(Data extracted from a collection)
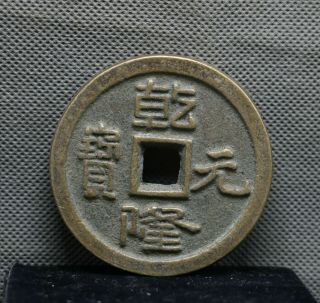 Old China Bronze Dynasty 乾隆通宝 Qian Long Tong Bao Hole Wealth Coin Money Current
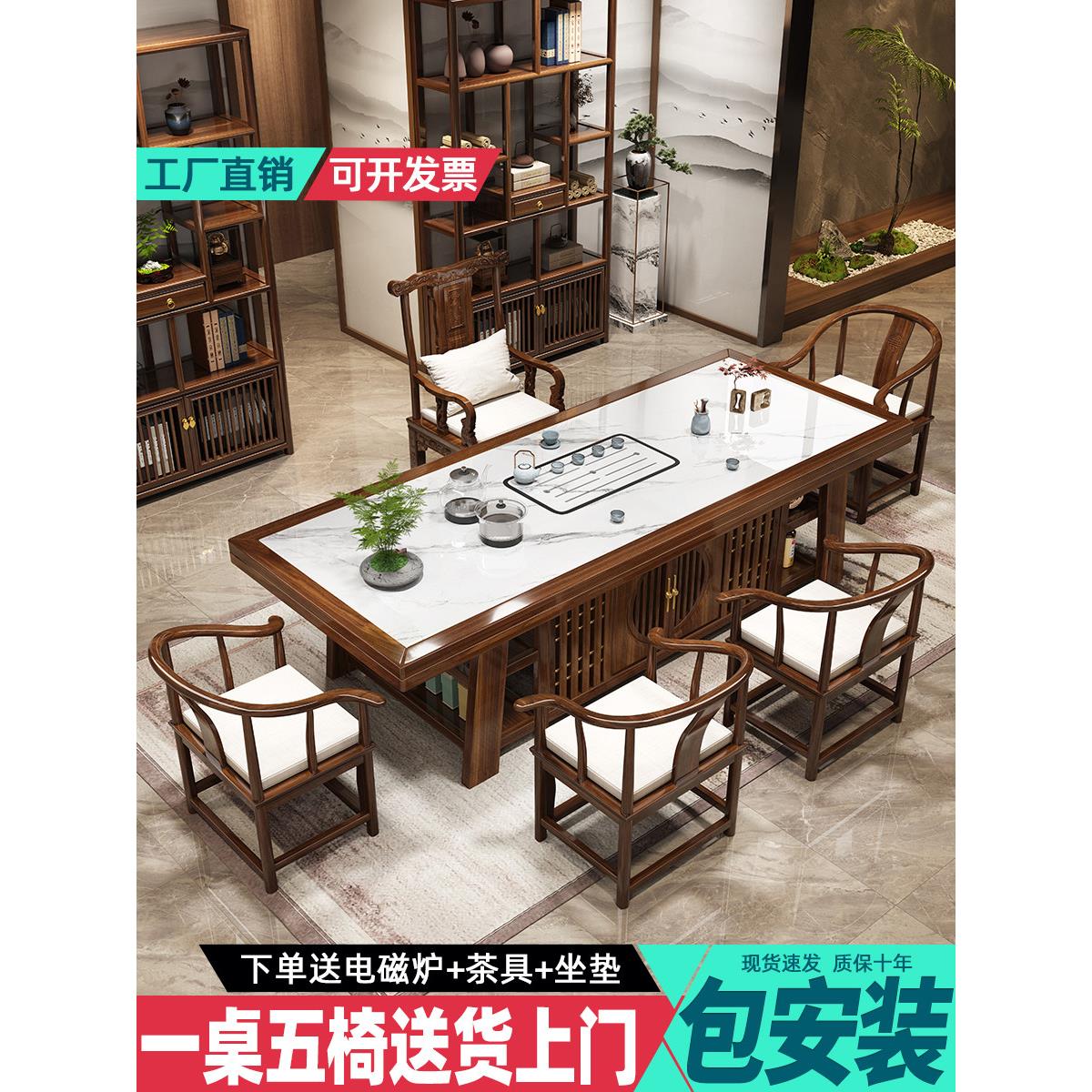 石板茶几和椅子组合，一桌五椅，现代简约轻奢办公功夫茶几和茶具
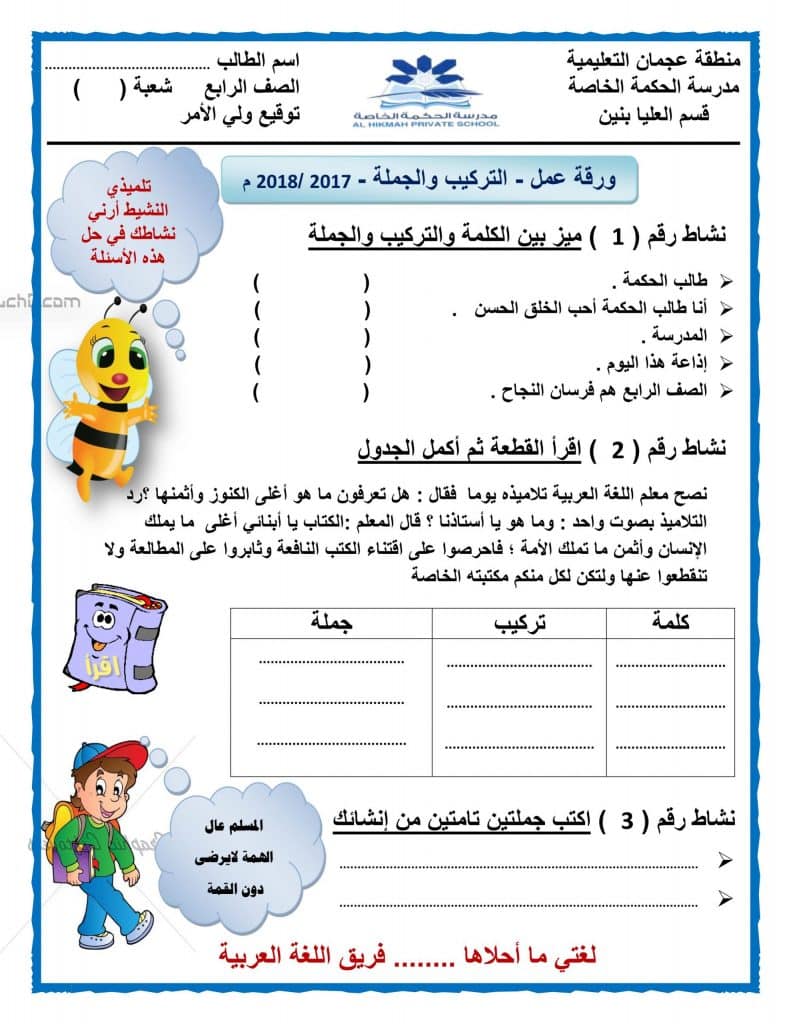 ورقة عمل الجملة والتركيب للصف الرابع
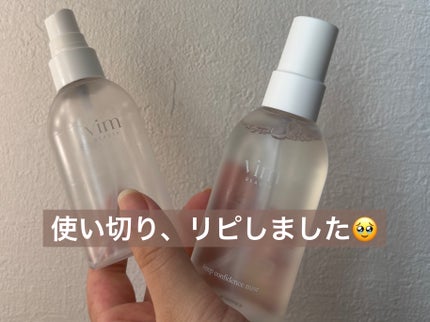 キープ コンフィデンス ミスト/vim BEAUTY/ミスト状化粧水を使ったクチコミ(1枚目)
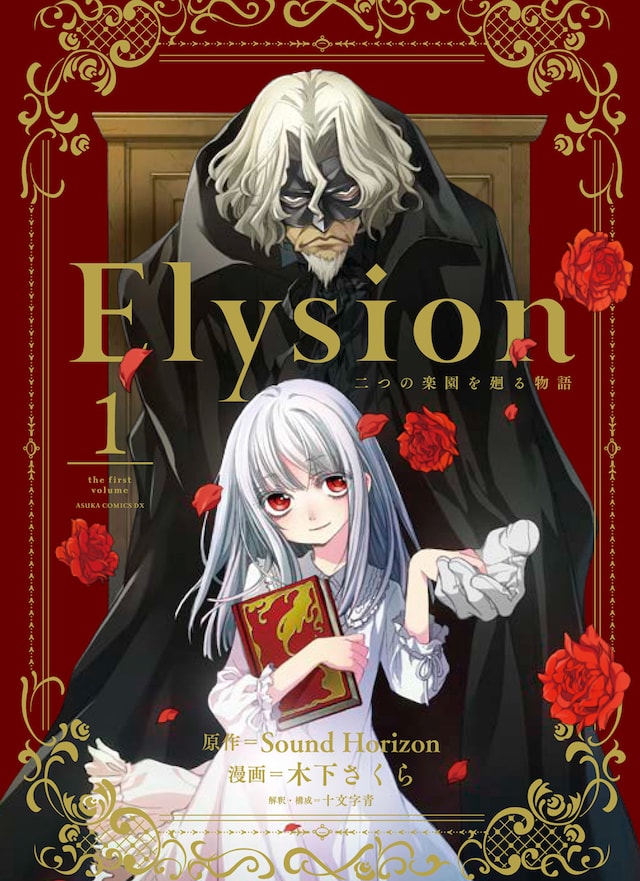 「Elysion 二つの楽園を廻る物語」1巻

■ Exercise directions
Give the records back exactly. Leave the pictures out.

■ Response to the task
 Old China Bronze Dynasty 乾隆通宝 Qian Long Tong Bao Hole Wealth Coin Money Current
 石板茶几和椅子组合，一桌五椅，现代简约轻奢办公功夫茶几和茶具
 ورقة عمل الجملة والتركيب للصف الرابع
 キープ コンフィデンス ミスト/vim BEAUTY/ミスト状化粧水を使ったクチコミ(1枚目)
 「Elysion 二つの楽園を廻る物語」1巻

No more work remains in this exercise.